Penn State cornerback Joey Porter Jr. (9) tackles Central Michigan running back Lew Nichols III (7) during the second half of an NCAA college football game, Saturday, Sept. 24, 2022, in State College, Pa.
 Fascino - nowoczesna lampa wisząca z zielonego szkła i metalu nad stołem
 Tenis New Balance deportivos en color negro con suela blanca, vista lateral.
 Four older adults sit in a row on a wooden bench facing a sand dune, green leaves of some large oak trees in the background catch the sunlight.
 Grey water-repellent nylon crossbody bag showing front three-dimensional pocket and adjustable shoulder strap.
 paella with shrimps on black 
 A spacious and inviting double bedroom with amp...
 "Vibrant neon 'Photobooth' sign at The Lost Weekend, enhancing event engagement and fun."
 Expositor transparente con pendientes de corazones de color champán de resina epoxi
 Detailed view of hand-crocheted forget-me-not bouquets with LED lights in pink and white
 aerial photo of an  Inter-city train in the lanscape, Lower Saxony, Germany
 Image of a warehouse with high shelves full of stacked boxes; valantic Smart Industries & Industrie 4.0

•••

▶ ACTIVITY
From the line containing "aerial photo of" through the final line of the listing above, retype every line exactly; leave out everything else.

▶ RESPONSE TO THE TASK
 aerial photo of an  Inter-city train in the lanscape, Lower Saxony, Germany
 Image of a warehouse with high shelves full of stacked boxes; valantic Smart Industries & Industrie 4.0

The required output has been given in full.